Tuesday, August 25, 2009

Staying on Mission through Listening

The missional community is commissioned to continue to be the blessing to the world by befriending the disenfranchised, by modeling forgiveness and mercy, and by being a people who live out faith in the world. The missional example negates a life of faith withdrawing from the world, but it gives attention to the affect the Christian community can have on everyday life situations.

N.T.Wright refers to this when he wrote, “The way of the Christian witness is neither the way of quietest withdrawal, nor the way of Herodian compromise, not the way of angry militant zeal. It is the way of being in Christ, in the Spirit, at the place where the world is in pain, so that the healing love of God may be brought to bear at that point.”[1]

Listening opens up the community to hear and experience the pains of the world.
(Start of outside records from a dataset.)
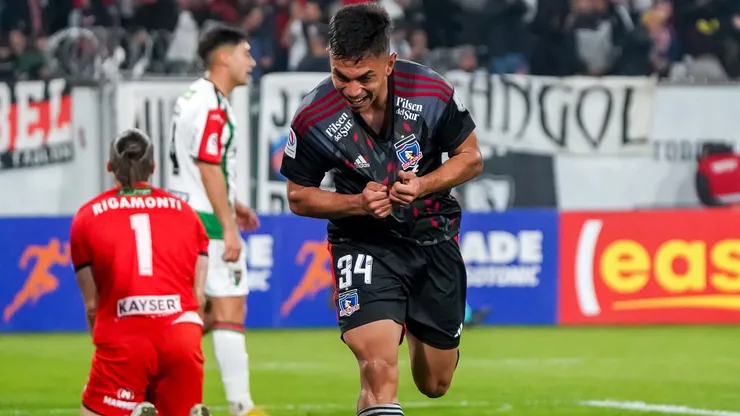 Vicente Pizarro anotó su primer gol en Colo Colo. ¡Y sirvió para clasificar en la Copa Chile!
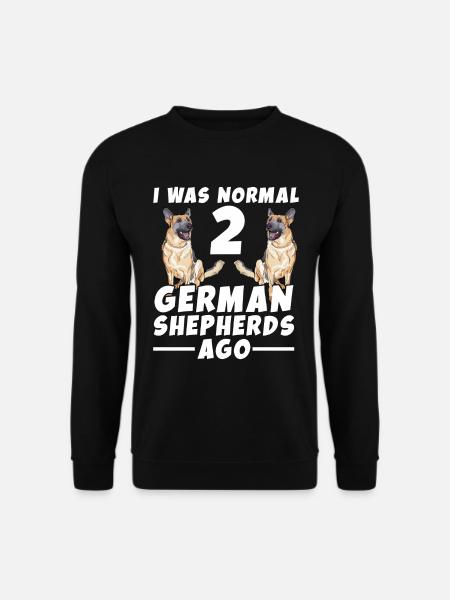 Best German Shepherd Dog German Shepherd Lover - Unisex Pullover - Schwarz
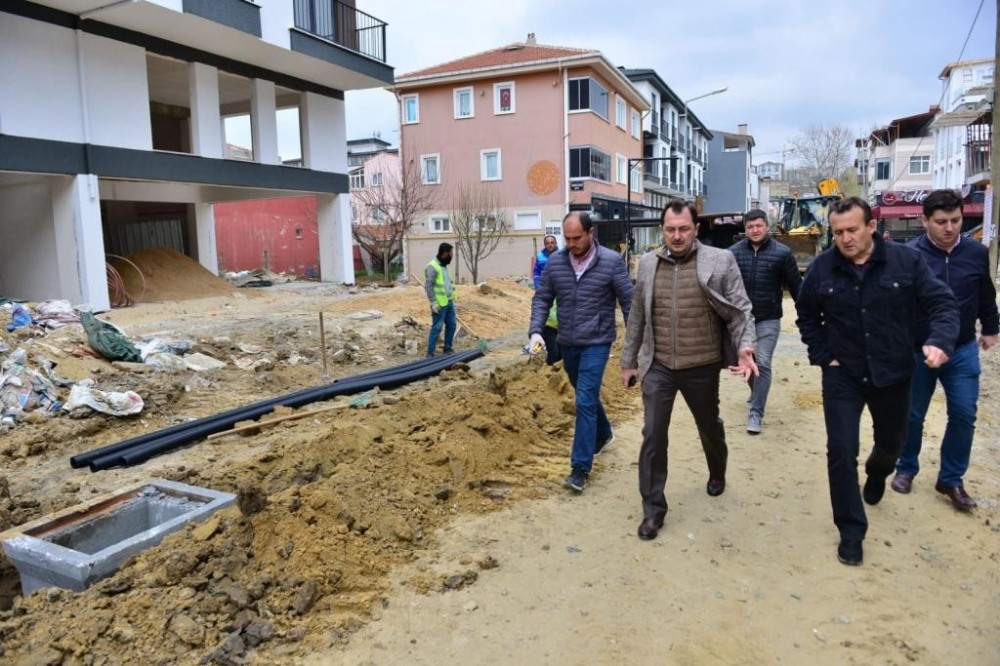 Süleymanpaşa Belediyesi yol çalışmalarına aksatmadan devam ediyor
Listening draws a missional community to the crossroads of pain and healing. In this setting, healing can work both ways — for the faith community as well as for those in the margins. The missional approach teaches that the relationships between believers and nonbelievers are reciprocal. “The gospel brings blessings to all, adherents and non-adherents a like.”[2] This was evident in the Celtic understanding of mission: “Sometimes the mission context serves not only as a theatre for adapting the presentation of Christianity; it also serves as a catalyst for recovering something essential and precious within Christianity.”[3] The preservation of nature and the importance of it were essentially recovered within Christianity through engaging with the lives of the Celtic people.

The missional community should approach ministry with a humble and open mind, being willing to listen and learn, as well as lead and teach those not yet committed to faith. This reciprocal approach provides the space needed for dialogue to happen between people of diversity. The art of listening provides an opportunity for the recovery of something "essential and precious within Christianity." Are you a part of a community of faith willing to listen to the voices from outside — voices on the fringe, and voices that have been marginalized? What is it that you/we are hearing? What are you/we hearing that is essential to the Christian community that has been suppressed or overshadowed within the past? Are you/we listening for the places of healing?

[1] Wright, The Challenge of Jesus, 189.

[2] McLaren, Generous Orthodoxy, 111.

[3] Hunter, The Celtic Way of Evangelism, 85.

Thursday, August 20, 2009

Staying on Mission through Simplification

Henry David Thoreau ("Where I Lived and What I Lived For" Walden) Our life is frittered away by detail... Simplify, simplify, simplify! ... Simplicity of life and elevation of purpose.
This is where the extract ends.